\( \newcommand{\bm}[1]{\boldsymbol{#1}} \newcommand{\textm}[1]{\textsf{#1}} \def\T{{\mkern-2mu\raise-1mu\mathsf{T}}} \newcommand{\R}{\mathbb{R}} % real numbers \newcommand{\E}{{\rm I\kern-.2em E}} \newcommand{\w}{\bm{w}} % bold w \newcommand{\bmu}{\bm{\mu}} % bold mu \newcommand{\bSigma}{\bm{\Sigma}} % bold mu \newcommand{\bigO}{O} %\mathcal{O} \renewcommand{\d}[1]{\operatorname{d}\!{#1}} \)

11.7 General nonconvex formulations

Risk parity places risk management at the heart of the strategy by building risk-diversified portfolios while ignoring the expected return. Precisely because it focuses on managing risk concentration rather than portfolio performance it has been criticized. However, the expected return can also be taken into account within the risk parity paradigm (Roncalli, 2013a). This is often referred to as enhanced risk parity portfolio.

Section 11.6 was devoted to the vanilla formulation, i.e., just with the portfolio constraints \(\bm{1}^\T\w=1\) and \(\w \ge \bm{0}\), which can be reformulated in convex form and optimally solved in order to obtain a portfolio satisfying the risk budgeting equations: \(w_i\left(\bSigma\w\right)_i = b_i \w^\T\bSigma\w,\;i=1,\ldots,N.\) However, in practice, portfolio managers always have additional constraints (e.g., turnover constraint, market-neutral constraint, maximum-position constraint) as listed in Section 6.2 and also additional objective functions such as the maximization of the expected return or minimization of the overall variance or volatility. In such realistic scenarios, unfortunately, the convex reformulations in Section 11.6 do not hold anymore and we need to resort to more complicated nonconvex formulations.

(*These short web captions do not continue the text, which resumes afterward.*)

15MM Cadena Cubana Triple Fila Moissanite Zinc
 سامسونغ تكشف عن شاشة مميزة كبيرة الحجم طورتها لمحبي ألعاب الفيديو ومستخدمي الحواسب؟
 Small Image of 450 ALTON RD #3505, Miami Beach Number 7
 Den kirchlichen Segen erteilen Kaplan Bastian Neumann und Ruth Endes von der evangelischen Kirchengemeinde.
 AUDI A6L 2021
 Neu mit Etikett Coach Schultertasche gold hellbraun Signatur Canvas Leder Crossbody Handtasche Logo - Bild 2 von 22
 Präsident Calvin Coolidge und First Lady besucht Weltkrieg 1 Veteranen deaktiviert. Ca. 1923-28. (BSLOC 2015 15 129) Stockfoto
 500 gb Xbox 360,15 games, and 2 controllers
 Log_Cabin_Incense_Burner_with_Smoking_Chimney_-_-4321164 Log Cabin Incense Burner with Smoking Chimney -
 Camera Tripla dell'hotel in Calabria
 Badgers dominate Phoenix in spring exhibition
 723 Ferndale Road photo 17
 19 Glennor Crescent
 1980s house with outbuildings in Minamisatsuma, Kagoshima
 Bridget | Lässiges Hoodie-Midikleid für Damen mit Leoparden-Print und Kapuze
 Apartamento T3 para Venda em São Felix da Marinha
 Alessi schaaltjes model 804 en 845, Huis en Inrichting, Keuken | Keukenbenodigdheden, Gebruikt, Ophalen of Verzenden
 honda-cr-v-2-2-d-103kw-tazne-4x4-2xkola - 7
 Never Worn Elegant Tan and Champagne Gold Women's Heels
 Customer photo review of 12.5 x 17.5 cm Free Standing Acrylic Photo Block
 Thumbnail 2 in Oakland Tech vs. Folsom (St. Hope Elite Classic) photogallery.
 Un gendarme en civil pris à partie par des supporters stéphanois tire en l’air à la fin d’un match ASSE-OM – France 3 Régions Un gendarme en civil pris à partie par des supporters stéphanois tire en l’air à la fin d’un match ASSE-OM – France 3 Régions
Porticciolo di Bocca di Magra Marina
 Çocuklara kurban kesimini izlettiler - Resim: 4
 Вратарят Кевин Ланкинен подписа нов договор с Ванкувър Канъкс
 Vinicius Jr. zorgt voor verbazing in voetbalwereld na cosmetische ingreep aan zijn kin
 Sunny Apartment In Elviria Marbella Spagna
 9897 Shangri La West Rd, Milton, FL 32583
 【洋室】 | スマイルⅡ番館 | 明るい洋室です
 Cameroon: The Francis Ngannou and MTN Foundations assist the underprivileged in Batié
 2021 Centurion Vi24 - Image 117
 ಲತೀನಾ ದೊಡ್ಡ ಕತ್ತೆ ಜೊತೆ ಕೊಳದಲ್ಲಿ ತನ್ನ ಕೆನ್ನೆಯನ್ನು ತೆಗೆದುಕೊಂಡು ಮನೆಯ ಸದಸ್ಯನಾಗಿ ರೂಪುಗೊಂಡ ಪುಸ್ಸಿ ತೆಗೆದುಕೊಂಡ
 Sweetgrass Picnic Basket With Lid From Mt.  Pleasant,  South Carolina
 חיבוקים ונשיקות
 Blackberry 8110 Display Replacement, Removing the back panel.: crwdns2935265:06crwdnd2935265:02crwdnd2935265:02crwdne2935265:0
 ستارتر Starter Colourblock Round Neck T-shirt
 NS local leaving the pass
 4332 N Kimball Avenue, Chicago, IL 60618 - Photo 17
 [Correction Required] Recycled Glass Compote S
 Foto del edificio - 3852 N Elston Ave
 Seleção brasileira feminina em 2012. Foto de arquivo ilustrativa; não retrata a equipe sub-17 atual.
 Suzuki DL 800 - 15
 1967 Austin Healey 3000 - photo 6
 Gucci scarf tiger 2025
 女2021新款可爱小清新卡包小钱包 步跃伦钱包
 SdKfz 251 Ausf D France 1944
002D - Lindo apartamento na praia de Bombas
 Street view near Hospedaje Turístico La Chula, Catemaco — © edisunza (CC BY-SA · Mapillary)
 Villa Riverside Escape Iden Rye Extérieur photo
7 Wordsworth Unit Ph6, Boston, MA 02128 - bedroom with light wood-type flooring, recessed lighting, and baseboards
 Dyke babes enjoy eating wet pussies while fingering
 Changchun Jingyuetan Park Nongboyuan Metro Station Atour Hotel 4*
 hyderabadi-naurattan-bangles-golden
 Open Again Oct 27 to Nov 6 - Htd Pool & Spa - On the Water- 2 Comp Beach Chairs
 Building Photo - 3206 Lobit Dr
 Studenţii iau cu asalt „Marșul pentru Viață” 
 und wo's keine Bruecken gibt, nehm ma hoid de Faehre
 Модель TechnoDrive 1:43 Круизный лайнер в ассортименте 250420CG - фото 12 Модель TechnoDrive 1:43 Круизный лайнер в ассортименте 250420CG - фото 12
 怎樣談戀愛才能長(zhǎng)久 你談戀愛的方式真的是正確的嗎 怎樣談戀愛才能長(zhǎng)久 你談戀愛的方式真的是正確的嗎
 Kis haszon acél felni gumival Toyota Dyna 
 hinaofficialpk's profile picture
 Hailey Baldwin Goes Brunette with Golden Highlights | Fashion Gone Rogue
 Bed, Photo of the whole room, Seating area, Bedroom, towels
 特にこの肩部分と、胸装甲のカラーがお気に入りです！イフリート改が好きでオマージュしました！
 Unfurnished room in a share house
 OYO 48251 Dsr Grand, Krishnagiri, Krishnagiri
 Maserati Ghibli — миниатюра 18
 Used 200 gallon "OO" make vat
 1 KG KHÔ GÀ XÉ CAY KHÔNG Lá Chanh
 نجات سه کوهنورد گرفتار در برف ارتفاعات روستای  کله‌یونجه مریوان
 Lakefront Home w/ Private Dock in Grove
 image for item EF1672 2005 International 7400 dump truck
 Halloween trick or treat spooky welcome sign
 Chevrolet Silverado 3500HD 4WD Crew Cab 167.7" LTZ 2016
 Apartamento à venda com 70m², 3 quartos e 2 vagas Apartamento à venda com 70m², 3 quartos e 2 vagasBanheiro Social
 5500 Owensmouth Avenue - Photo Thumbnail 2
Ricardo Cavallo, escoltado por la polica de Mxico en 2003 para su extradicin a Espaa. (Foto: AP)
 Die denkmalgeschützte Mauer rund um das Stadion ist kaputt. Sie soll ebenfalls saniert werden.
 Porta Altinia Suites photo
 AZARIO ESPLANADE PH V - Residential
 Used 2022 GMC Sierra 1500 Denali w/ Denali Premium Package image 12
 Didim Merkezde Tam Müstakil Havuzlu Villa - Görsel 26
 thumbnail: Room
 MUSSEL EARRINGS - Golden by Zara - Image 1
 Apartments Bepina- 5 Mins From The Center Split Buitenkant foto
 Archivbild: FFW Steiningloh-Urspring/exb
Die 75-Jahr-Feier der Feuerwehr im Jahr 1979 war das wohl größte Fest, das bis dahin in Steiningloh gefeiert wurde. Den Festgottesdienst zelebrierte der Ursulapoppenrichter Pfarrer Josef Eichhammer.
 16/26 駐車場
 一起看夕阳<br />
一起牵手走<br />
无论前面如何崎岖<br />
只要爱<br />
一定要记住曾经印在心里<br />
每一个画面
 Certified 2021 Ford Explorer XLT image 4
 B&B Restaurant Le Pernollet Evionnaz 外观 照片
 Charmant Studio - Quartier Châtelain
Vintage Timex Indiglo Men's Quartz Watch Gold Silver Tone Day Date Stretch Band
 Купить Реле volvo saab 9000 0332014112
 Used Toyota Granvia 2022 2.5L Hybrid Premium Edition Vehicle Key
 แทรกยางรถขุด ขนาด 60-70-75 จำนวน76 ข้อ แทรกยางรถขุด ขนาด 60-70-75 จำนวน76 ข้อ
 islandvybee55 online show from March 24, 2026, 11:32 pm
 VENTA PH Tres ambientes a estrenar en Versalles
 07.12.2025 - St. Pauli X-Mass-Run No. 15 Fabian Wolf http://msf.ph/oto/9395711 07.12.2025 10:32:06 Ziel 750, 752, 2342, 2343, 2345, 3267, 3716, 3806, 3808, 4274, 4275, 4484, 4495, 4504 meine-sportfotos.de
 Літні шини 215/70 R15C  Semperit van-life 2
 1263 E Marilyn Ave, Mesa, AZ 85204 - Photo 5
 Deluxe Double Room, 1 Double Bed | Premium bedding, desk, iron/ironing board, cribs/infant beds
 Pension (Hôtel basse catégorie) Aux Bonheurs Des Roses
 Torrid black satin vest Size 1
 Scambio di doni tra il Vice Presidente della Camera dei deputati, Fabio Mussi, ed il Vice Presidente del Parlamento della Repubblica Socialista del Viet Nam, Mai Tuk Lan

For the general case incorporating additional constraints and/or objective functions, the risk budgeting equations can only be approximately satisfied: \[w_i\left(\bSigma\w\right)_i \approx b_i \w^\T\bSigma\w, \qquad i=1,\ldots,N.\]

Since the risk budgeting constraints can only be satisfied approximately, we need to define a measure of the approximation error, but there is a multitude of possible choices, such as:

  • sum of squared relative risk-contribution errors: \[\sum_{i=1}^N \left(\frac{w_i\left(\bSigma\w\right)_i}{\w^\T\bSigma\w} - b_i\right)^2;\]

  • sum of squared risk-contribution errors: \[\sum_{i=1}^N \left(\frac{w_i\left(\bSigma\w\right)_i}{\sqrt{\w^\T\bSigma\w}} - b_i\sqrt{\w^\T\bSigma\w}\right)^2;\]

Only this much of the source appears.